**Exercise materials**

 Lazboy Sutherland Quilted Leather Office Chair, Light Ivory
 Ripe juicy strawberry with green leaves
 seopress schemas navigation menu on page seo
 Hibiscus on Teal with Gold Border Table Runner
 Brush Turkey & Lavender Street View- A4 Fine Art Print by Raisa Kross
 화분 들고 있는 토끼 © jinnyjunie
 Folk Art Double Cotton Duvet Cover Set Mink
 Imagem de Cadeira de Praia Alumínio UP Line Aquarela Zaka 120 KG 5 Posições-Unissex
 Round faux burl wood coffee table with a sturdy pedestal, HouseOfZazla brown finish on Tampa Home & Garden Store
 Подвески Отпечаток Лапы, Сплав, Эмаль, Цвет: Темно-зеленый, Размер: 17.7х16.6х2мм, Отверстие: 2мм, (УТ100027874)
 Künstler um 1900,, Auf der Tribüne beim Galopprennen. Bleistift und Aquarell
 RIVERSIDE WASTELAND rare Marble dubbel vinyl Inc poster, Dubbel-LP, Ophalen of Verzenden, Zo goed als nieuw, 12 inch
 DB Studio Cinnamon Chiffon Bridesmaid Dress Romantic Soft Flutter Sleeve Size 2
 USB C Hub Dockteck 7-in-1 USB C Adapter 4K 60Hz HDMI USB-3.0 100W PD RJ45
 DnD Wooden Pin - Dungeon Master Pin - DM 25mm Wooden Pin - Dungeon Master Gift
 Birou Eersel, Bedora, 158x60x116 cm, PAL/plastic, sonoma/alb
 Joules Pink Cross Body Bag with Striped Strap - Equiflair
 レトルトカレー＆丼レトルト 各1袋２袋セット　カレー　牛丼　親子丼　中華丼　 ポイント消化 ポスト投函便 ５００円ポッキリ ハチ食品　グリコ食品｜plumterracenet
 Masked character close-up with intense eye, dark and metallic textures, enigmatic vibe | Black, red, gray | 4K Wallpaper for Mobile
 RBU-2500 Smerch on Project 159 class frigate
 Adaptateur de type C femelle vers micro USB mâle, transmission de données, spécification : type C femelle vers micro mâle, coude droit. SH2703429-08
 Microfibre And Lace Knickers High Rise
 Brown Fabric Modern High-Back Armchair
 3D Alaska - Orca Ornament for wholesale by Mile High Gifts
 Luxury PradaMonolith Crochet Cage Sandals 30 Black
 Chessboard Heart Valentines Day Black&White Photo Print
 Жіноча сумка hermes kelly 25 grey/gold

**Task**
Taking the entries above, restate exactly those lines that fall between the line with "Birou Eersel, Bedora, 158x60x116" and the line with "Masked character close-up", keeping both of those lines too.

**Answer to this problem**
 Birou Eersel, Bedora, 158x60x116 cm, PAL/plastic, sonoma/alb
 Joules Pink Cross Body Bag with Striped Strap - Equiflair
 レトルトカレー＆丼レトルト 各1袋２袋セット　カレー　牛丼　親子丼　中華丼　 ポイント消化 ポスト投函便 ５００円ポッキリ ハチ食品　グリコ食品｜plumterracenet
 Masked character close-up with intense eye, dark and metallic textures, enigmatic vibe | Black, red, gray | 4K Wallpaper for Mobile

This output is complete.